Third, the rules governing condolence payments are ad hoc. Each unit takes different approaches to if, when, and how to make condolence payments. Some units choose to pay only high profile cases. Others will not pay claims when a different unit caused the harm no matter how difficult or impossible it will be for an Iraqi to file with the appropriate unit.

A final problem resulting from the program s ad hoc nature is that no adequate claims officers guidelines exist. Different victims receive disparate treatment because officers lack substantive guidance regarding standard of proof, rules of evidence, how to determine valuation, or sensitivity training The nature of this system leads to drastically different results for civilians who suffer the same harm. These conflicting outcomes intensify negativity and nullify any potential goodwill won by offering condolence payments.[14]

The position of Australia

At present, Australia does not have a formal scheme of payments which is similar to the condolence or solatia payments made by the US. Instead, some ad hoc payments have been made in respect of civilian loss and damage by way of an act of grace payment.

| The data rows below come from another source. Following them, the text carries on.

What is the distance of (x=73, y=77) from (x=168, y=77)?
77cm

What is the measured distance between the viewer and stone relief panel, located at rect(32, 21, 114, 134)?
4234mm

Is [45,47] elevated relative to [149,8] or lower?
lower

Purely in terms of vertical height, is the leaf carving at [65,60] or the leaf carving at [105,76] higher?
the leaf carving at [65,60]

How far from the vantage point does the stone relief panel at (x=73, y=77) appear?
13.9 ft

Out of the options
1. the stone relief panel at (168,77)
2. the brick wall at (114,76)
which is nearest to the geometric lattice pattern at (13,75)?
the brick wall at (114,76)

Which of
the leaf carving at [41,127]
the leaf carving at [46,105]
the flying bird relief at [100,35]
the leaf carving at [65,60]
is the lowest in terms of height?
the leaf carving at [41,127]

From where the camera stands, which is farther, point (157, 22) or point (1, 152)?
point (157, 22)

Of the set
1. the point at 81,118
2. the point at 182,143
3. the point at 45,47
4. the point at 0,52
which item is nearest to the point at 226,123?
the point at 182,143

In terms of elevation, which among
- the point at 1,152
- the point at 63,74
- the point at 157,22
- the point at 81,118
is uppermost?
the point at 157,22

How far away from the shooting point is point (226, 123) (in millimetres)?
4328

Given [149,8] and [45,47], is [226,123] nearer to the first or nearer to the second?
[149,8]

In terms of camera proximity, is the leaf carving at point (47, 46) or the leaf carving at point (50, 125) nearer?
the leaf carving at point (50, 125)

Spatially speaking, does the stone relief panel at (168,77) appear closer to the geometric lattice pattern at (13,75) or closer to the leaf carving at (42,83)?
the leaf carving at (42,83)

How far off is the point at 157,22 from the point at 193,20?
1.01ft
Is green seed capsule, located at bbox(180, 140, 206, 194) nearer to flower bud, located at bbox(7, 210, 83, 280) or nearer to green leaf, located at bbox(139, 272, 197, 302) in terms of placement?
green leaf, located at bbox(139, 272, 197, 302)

In August 2005 it was reported that the Australian Defence Force (ADF) had worked with US and British armed forces to establish compensation rates to be paid to civilian victims in the war zone, believed to include those caught in crossfire or mistakenly shot at checkpoints.[15]

Air Chief Marshal Angus Houston, the Chief of Defence Force, was specifically questioned about payments of compensation made to two Iraqi families by the Senate Estimates Committee on Foreign Affairs, Defence and Trade Legislation on 2 November 2005. He made the following comments:

First of all, I would say that it is not actually compensation

If we have a driving accident in Iraq and we injure somebody we pay compensation. But if an Iraqi citizen is injured during the course of military operations, in those circumstances we will look at the circumstances and do a full investigation. If we determine that the Iraqi has been injured or indeed has suffered property damage as a consequence of the military action or military circumstances that occurred, our people in Baghdad will put forward a submission suggesting that an act of grace payment be made to the individual for the injuries they sustained or the damage to property that occurred. The process runs from Baghdad through the operational chain of command. It comes through to the Vice Chief of the Defence Force, who then puts that submission up to the minister and, if the minister believes that the circumstances warrant an act of grace payment, we then move across to Finance who have the delegation for these payments...[16]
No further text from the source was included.